The throat assembly 50 defines a portion of the dispensing path and
the forward portion of the dispensing throat 24, as seen in FIG.
7.
[0039] The module 28 includes an automatic transfer mechanism 52 to
transfer dispensing of the web material from the stub roll 14 to a
main roll 12 when the web material on the stub roll 14 is nearly
fully depleted. From an operational standpoint, this transfer
mechanism 52 operates substantially as described in U.S. Pat. No.
6,079,305 issued on Jun. 27, 2000, and the '305 patent is
incorporated herein in its entirety for all purposes. Referring
particularly to FIGS. 3 and 4, the transfer mechanism 52 includes a
transfer bar 56 with arms 57 pivotally mounted to the module side
plates 34. A gear 68 is provided on the ends of the arms 57, as
particularly seen in FIGS. 3 and 4. The transfer bar 56 includes a
"roller" section that may be defined by a central curved ribbed
section 58. The section 58 includes a securing mechanism, such as a
barb 60. The leading end of the web material from the main roll 12
passes over the roller section 58 and is held by the barb 60 while
material is feed from the stub roll 14. Idler transfer gears 70 are
rotatably mounted to the module side plates 34 and are engaged by
the gears 68 on the ends of the transfer bar arms 57. A stub roll
sensing bar 74 is pivotally mounted to the module side plates 34
below stub roll holders 78, and is biased towards the axis of the
stub roll holders 78 so as to track the decreasing diameter of the
stub roll as it is depleted. The stub roll sensing bar 74 is
configured with gears 72 that rotate upon pivotal movement of the
sensing bar 74, the gears 72 being engaged with the idler gears
70.
[0040] As the stub roll is depleted, motion of the sensing bar 74
is transferred to the transfer bar 56 via the gears 68, 70, and 72.

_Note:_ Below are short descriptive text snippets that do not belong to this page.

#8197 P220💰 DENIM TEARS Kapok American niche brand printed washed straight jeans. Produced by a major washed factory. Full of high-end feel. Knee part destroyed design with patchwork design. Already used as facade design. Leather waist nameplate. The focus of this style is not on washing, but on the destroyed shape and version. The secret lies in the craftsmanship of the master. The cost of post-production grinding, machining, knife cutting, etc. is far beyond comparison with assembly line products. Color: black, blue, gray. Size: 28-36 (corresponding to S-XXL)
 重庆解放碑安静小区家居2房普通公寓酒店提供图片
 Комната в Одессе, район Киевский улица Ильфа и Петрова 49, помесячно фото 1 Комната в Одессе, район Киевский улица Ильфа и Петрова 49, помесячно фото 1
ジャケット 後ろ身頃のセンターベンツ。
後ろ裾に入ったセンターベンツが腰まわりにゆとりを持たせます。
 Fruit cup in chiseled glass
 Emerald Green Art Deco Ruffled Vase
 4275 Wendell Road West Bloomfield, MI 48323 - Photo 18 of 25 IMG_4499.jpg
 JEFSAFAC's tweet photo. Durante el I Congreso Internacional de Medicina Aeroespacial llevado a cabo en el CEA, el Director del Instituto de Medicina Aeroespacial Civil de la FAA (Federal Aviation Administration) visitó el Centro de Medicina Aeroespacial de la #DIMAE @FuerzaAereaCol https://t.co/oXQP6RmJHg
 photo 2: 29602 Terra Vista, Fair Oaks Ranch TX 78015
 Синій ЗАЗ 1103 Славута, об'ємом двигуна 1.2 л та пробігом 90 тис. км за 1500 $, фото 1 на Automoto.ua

At a certain decreased diameter of the stub roll 14, the transfer
bar 56 rotates to a position such that the leading end of the web
material held by the securing mechanism 60 is brought by the roller
section 58 into contact with the web material being dispensed from
the stub roll causing the leading edge of the material from the
main roll to be pulled from the barb 60 and conveyed with the
material from the stub roll between the nip of the drive roller 38
and pressure roller 46. The "new" web material from the main roll
12 is dispensed simultaneously with the stub roll material until
the stub roll is completely depleted. If no stub roll is present in
the dispenser, the transfer bar 56 and roller section 58 contact
against the web material dispensed from the main roll 12.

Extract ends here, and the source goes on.